> _Supplied material_:
-------
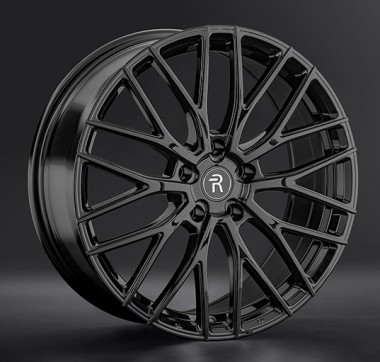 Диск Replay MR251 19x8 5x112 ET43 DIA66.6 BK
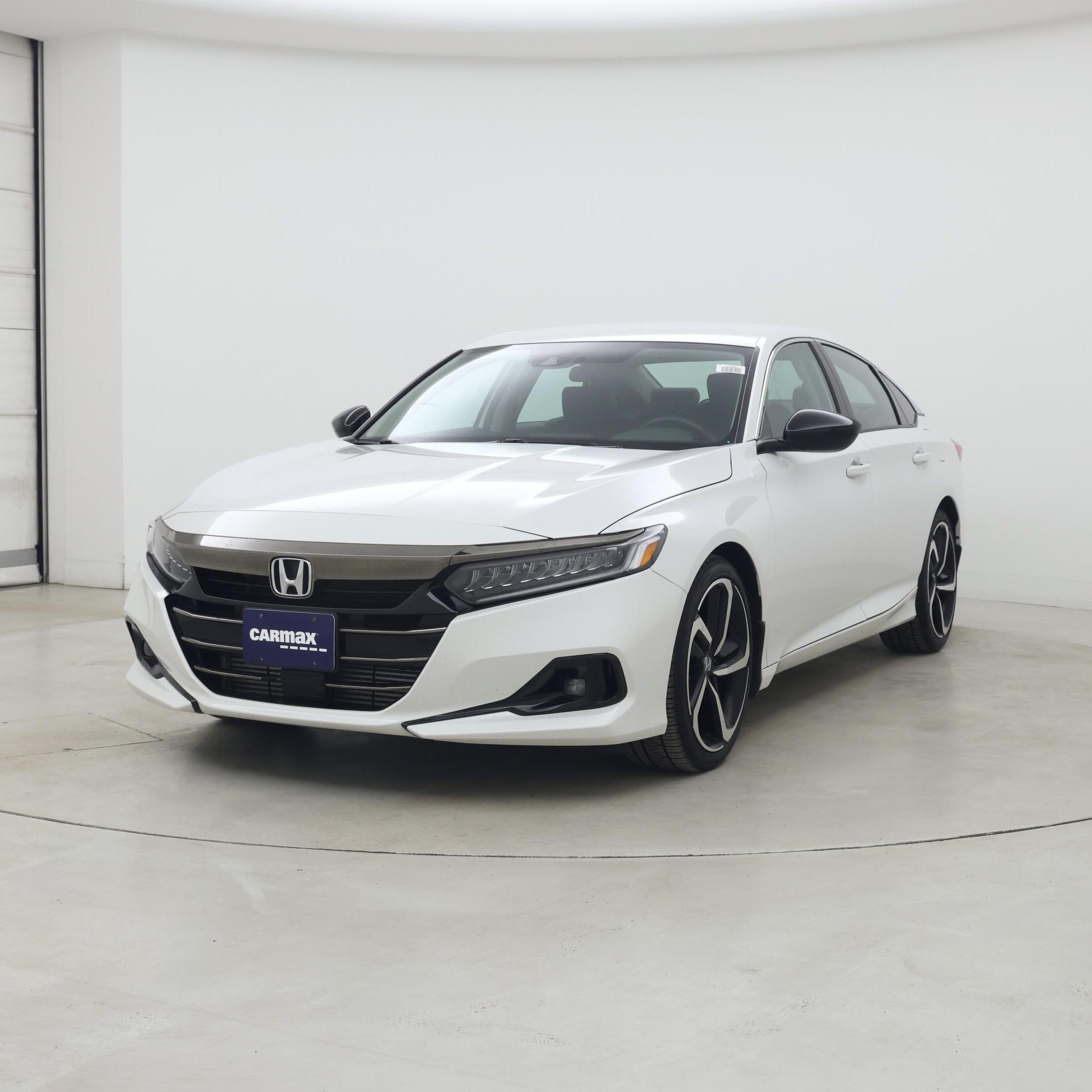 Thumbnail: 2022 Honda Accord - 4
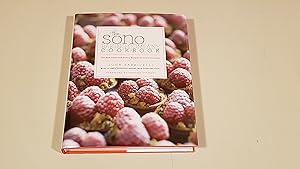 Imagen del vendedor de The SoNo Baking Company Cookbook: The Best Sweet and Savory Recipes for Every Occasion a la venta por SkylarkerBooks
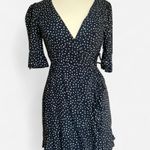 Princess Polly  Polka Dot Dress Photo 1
-------
> _Goal of the exercise_: Where the material contains pictures, leave them out and copy the rest verbatim.

> _Solution to the exercise_:
 Диск Replay MR251 19x8 5x112 ET43 DIA66.6 BK
 Thumbnail: 2022 Honda Accord - 4
 Imagen del vendedor de The SoNo Baking Company Cookbook: The Best Sweet and Savory Recipes for Every Occasion a la venta por SkylarkerBooks
 Princess Polly  Polka Dot Dress Photo 1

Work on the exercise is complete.